Your copy of the entries below should hold exactly the lines from the one containing "Полицейские преследуют лиц, совершивших" to the one containing "9418 Twin Trails Dr 102, San Diego, CA 92129", inclusive, and no pictures.

DATA FOR PROCESSING –

**********

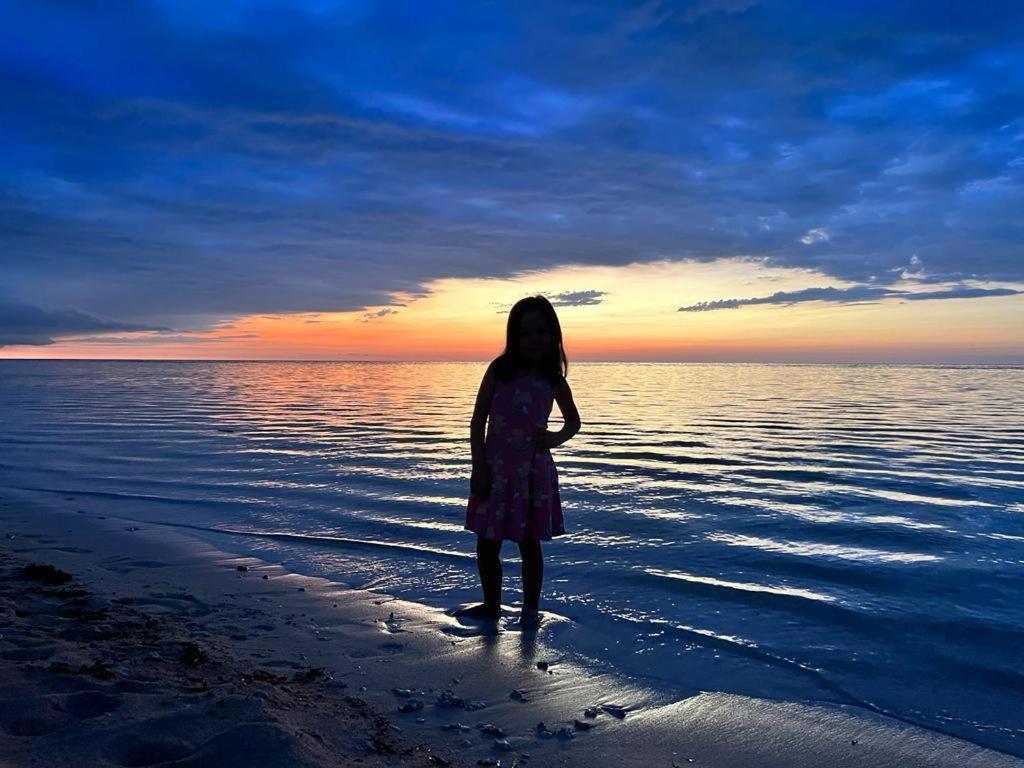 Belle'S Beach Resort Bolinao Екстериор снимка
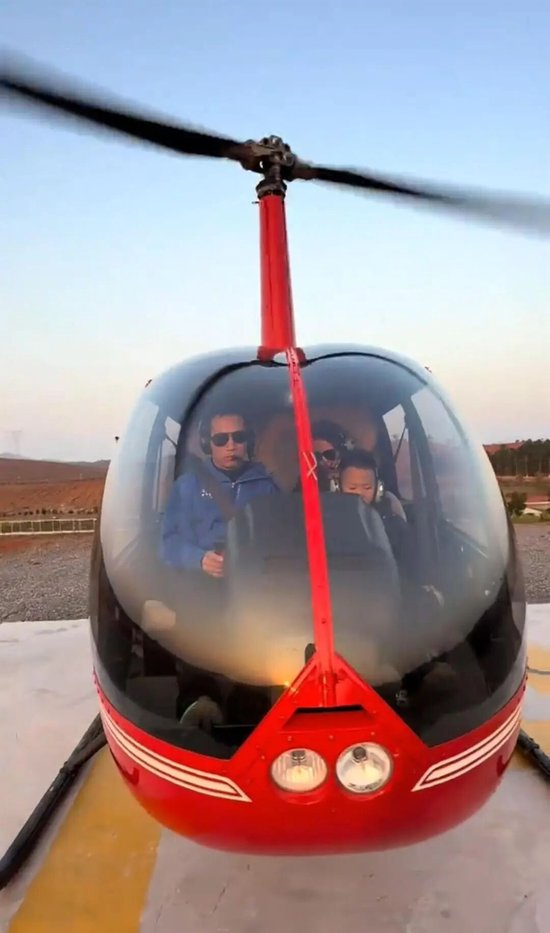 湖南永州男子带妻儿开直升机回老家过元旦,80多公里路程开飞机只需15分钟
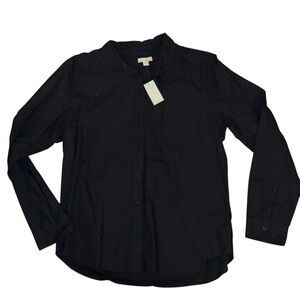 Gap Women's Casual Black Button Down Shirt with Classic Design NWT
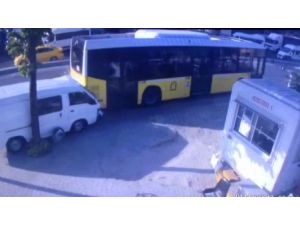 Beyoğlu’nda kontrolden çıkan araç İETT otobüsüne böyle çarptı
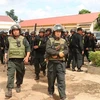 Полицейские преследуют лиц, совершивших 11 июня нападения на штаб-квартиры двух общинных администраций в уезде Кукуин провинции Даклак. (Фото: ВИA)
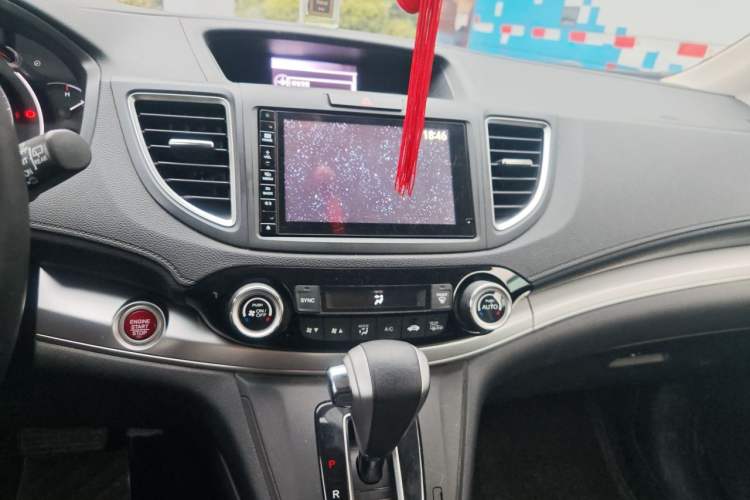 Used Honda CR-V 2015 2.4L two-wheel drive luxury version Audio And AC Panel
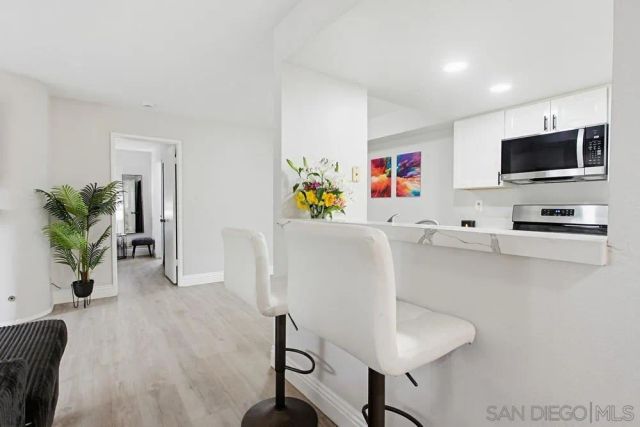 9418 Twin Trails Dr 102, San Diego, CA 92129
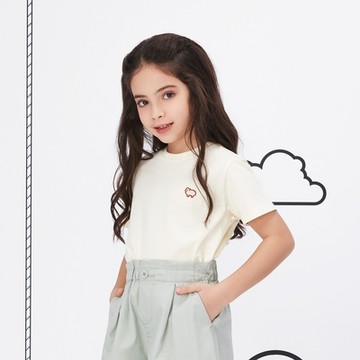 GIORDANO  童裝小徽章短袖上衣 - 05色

**********

RESPONSE TO THE TASK –
 Полицейские преследуют лиц, совершивших 11 июня нападения на штаб-квартиры двух общинных администраций в уезде Кукуин провинции Даклак. (Фото: ВИA)
 Used Honda CR-V 2015 2.4L two-wheel drive luxury version Audio And AC Panel
 9418 Twin Trails Dr 102, San Diego, CA 92129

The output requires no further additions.